Have You Checked For Recalls Lately?
It may be tempting to ignore that recall notice, but it can be a deadly mistake. According to recent reports, there are millions of vehicles currently on the road that are under recall for a variety of reasons. Ignoring a recall warning is not only dangerous but can jeopardize a later claim for damages if you are injured due to a car’s malfunction. Fortunately, checking for recalls on your vehicle does not have to be difficult.
What Is A Recall?
A recall is an order issued by a car manufacturer or government agency to return a vehicle for service due to an inherent defect. In the past few years, stricter standards and enforcement of regulations have led to record numbers of recalls by auto manufacturers. In addition, owner complaints have risen drastically as consumers become aware of the dangers of safety issues in their vehicles through increasingly available information on the Internet.
Unfortunately, many owners do not take recalls seriously. Experts at J.D. Power estimate that 40 percent of all vehicles subject to recalls between 2013 and 2015 have not been repaired. That means that 45 million vehicles that should have been serviced for safety issues are still on the roads and may pose a hazard for owners and others.
Why Don’t Owners Have Their Cars Repaired?
Analyzing the data related to car repairs and recalls reveals some interesting trends. Owners of older cars are less likely to pay attention to recall notices.
While owners of vehicles manufactured in 2013 or later have a 73 percent compliance rate with recall notifications, those with vehicles older than 2013 have only a 44 percent compliance rate. Additionally, recall notices may not reach owners who have purchased cars secondhand.
The type of vehicle in question may also affect the recall compliance rate. Large vans and premium SUVs have about 85 percent owner compliance, while only 31 percent of sports car owners pay attention to recall notices.
Additionally, the larger the recall the harder it seems to be to obtain owner compliance.
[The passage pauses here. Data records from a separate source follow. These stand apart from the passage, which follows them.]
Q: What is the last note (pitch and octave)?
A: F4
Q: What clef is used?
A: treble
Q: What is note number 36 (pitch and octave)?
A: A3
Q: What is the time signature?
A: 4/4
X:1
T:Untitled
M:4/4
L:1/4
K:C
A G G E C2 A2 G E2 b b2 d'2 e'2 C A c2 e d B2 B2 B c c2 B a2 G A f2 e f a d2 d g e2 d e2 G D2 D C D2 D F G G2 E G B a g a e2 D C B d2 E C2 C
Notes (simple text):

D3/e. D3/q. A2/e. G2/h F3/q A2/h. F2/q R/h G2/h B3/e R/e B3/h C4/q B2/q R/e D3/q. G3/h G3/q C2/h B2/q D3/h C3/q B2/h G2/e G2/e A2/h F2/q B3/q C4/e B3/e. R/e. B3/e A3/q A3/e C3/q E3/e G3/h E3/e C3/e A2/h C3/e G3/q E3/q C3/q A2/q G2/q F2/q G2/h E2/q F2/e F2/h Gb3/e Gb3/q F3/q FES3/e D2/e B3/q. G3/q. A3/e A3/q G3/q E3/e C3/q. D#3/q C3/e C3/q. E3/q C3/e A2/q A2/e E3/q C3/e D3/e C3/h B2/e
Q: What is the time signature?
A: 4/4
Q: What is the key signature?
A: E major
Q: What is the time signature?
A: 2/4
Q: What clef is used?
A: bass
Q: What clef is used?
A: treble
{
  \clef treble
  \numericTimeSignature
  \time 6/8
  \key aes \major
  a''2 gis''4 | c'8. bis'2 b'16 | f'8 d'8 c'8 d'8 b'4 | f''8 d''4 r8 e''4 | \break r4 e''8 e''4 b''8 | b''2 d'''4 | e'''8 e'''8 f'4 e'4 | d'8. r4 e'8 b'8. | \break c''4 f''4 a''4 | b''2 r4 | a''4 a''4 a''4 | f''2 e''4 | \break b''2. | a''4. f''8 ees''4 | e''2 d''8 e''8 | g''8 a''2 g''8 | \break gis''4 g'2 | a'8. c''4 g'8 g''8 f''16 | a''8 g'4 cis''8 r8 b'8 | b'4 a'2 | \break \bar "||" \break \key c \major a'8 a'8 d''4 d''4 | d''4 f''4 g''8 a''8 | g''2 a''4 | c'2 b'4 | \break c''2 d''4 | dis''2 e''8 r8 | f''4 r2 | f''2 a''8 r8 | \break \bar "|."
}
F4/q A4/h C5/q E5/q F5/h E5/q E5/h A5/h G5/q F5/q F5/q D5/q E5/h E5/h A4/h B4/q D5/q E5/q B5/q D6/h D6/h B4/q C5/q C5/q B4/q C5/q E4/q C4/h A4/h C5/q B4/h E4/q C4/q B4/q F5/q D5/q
For recalls affecting more than one million vehicles, the compliance rate is much lower than for smaller, more targeted recalls. This could also be because parts quickly run out during large recalls, making it more difficult for owners to schedule service.
Finally, the part of the car that is concerned in the recall can have an impact on owner compliance rate. Drivetrain and electrical recalls are taken more seriously than air bag or suspension recalls.
How Do I Know If My Car Is Recalled?
It is extremely important to take any recall on your vehicle seriously and seek immediate repair or replacement service. In order to do this, however, it is important to understand how to find information on your vehicle and how to obtain recall repairs.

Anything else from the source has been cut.